Detailed Description
Reference will now be made in detail to the exemplary embodiments, examples of which are illustrated in the accompanying drawings. When the following description refers to the accompanying drawings, like numbers in different drawings represent the same or similar elements unless otherwise indicated. The embodiments described in the following exemplary embodiments do not represent all embodiments consistent with the present invention. Rather, they are merely examples of apparatus and methods consistent with certain aspects of the invention, as detailed in the appended claims.
The terminology used herein is for the purpose of describing particular embodiments only and is not intended to be limiting of the invention. As used in this specification and the appended claims, the singular forms "a", "an", and "the" are intended to include the plural forms as well, unless the context clearly indicates otherwise. It should also be understood that the term "and/or" as used herein refers to and encompasses any and all possible combinations of one or more of the associated listed items.
It is to be understood that although the terms first, second, third, etc. may be used herein to describe various information, these information should not be limited to these terms. These terms are only used to distinguish one type of information from another. For example, first information may also be referred to as second information, and similarly, second information may also be referred to as first information, without departing from the scope of the present invention. The word "if" as used herein may be interpreted as "at … …" or "when … …" or "in response to a determination", depending on the context.

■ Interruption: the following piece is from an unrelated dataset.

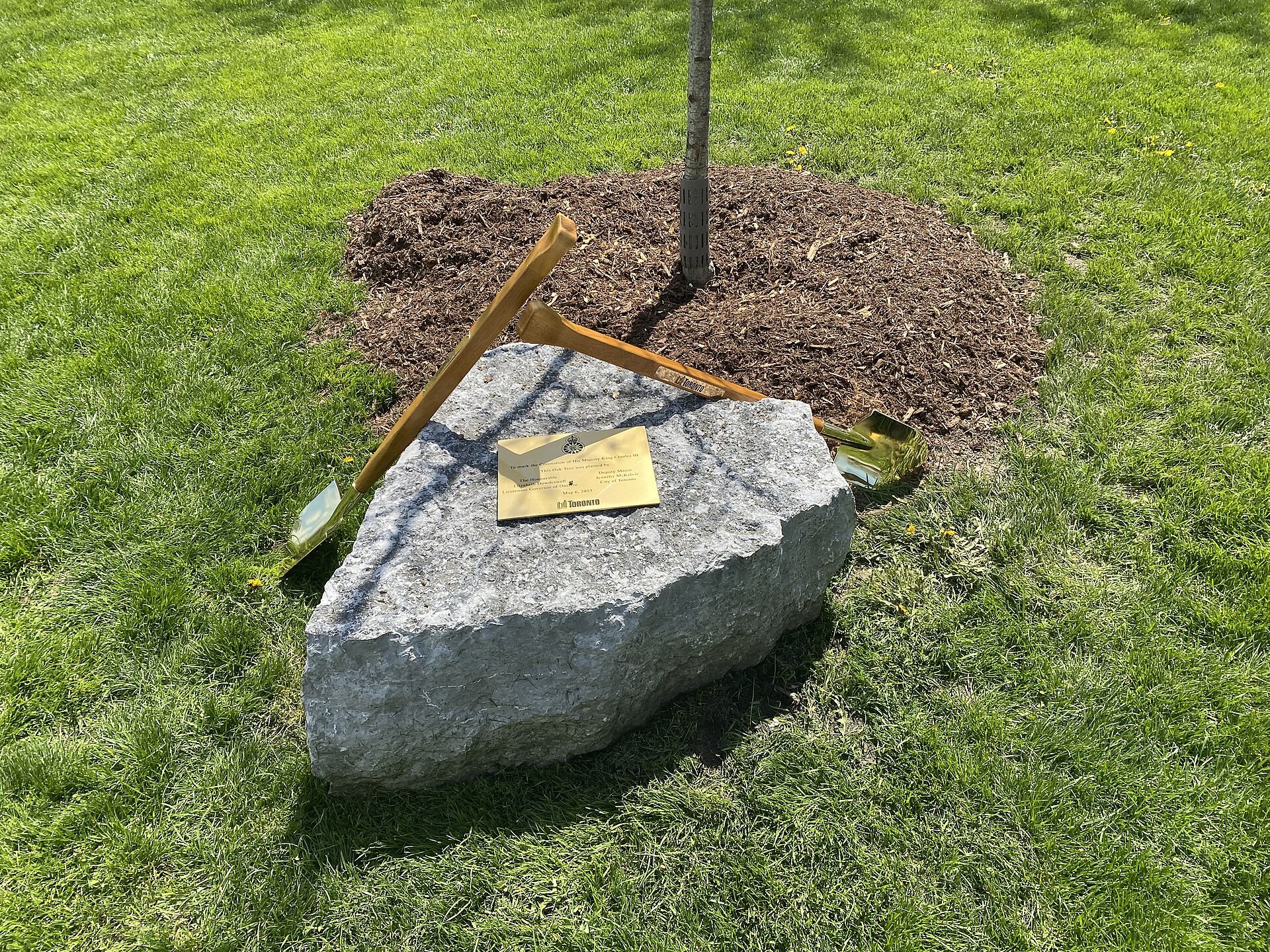Ceremonial shovels and plaque at a coronation tree planting in Toronto, Canada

The speech recognition according to the embodiment of the present invention involves an acoustic model and a language model in the recognition process, wherein the acoustic model is a knowledge representation of the difference between the acoustics, the phonetics, the environmental variables, the sex, the accent, and the like of the person who utters the speech, and the acoustic model is configured by training the speech contained in the training speech library through an LSTM (Long Short-Term Memory), a ctc (connectionist temporal classification) model, or a hidden markov model HMM, and obtaining a mapping from the acoustic features of the speech to the utterance, which is related to the modeling unit. If the modeling unit is a syllable, the pronunciation is a syllable; if the modeling unit is a phoneme, the pronunciation is a phoneme; if the modeling unit is a state that constitutes a phoneme, the pronunciation is a state.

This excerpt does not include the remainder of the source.